The policy is expected to put an end to schools expelling or excluding pregnant pupils, and will emphasise that pupils have the right to remain at school during and after their pregnancy.

The new draft policy is expected to deviate substantially from the 2007 policy, which stated that a pupil who was aware that a peer was pregnant should immediately inform the school.

According to the old policy, pregnant pupils may be “required” to take a leave of absence, which could extend to two years. “No learner should be readmitted in the same year that they left school due to a pregnancy,” the 2007 policy states.

It was at the SA Aids Conference in Durban that the Basic Education Department had in passing referred to the draft policy being in the works.

Spokesman Elijah Mhlanga confirmed on Thursday that the document was in the process of being refined, and that a review of the old policy had become necessary because of cases in which schools asked pregnant pupils to leave school entirely, or for a certain period.

One such case, in the Free State, went all the way to the Constitutional Court.

The Free State schools Welkom High and Harmony High were ordered to review policies which sought to keep two pupils out of the classroom for the duration of their pregnancies.

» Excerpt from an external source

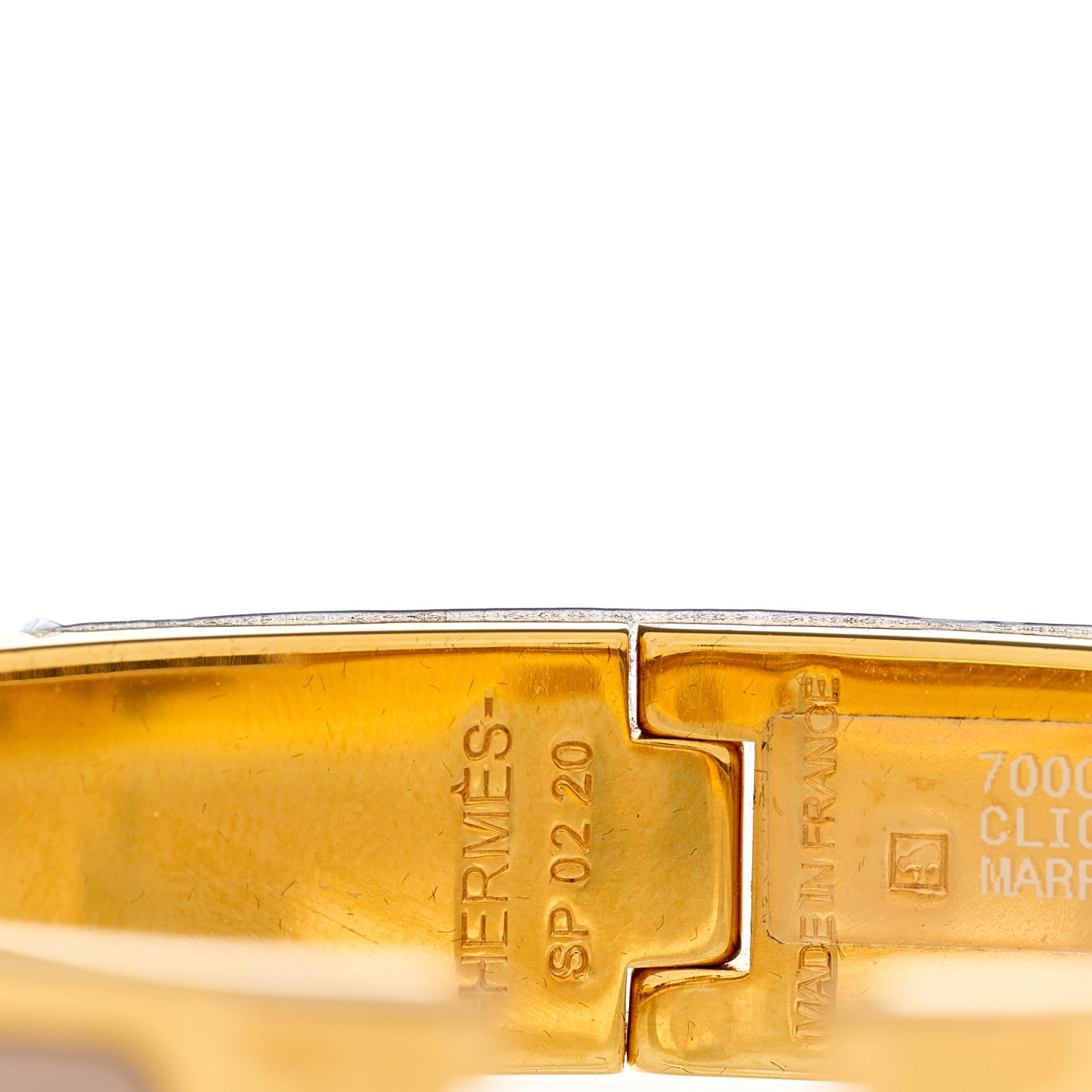 Hermes Enamel Narrow Clic Clac H Bracelet GM Marron Glace 3 of 3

Two years ago, the Equal Education Law Centre intervened when two pregnant girls from a Gauteng school were forced to be absent from school before giving birth, and for three months afterwards.

The pupils were also asked to pay a R200 deposit for use in case of an emergency.

The centre argued that the matter highlighted the need for clarity - at a national level - on how schools should assist pregnant pupils and ensure that the girls finished school.

In a parliamentary reply to a question posed by DA MP Sonja Boshoff, Basic Education Minister Angie Motshekga disclosed that 20 000 South African schoolgirls had fallen pregnant last year - 3 000 of whom lived in KwaZulu-Natal. A study co-authored by a University of Cape Town professor found that of a sample of 673 girls aged 15 to 18 who were childless in 2008, the teens who later became mothers had twice the odds of dropping out of school by 2010, and nearly five times the odds of failing to matriculate.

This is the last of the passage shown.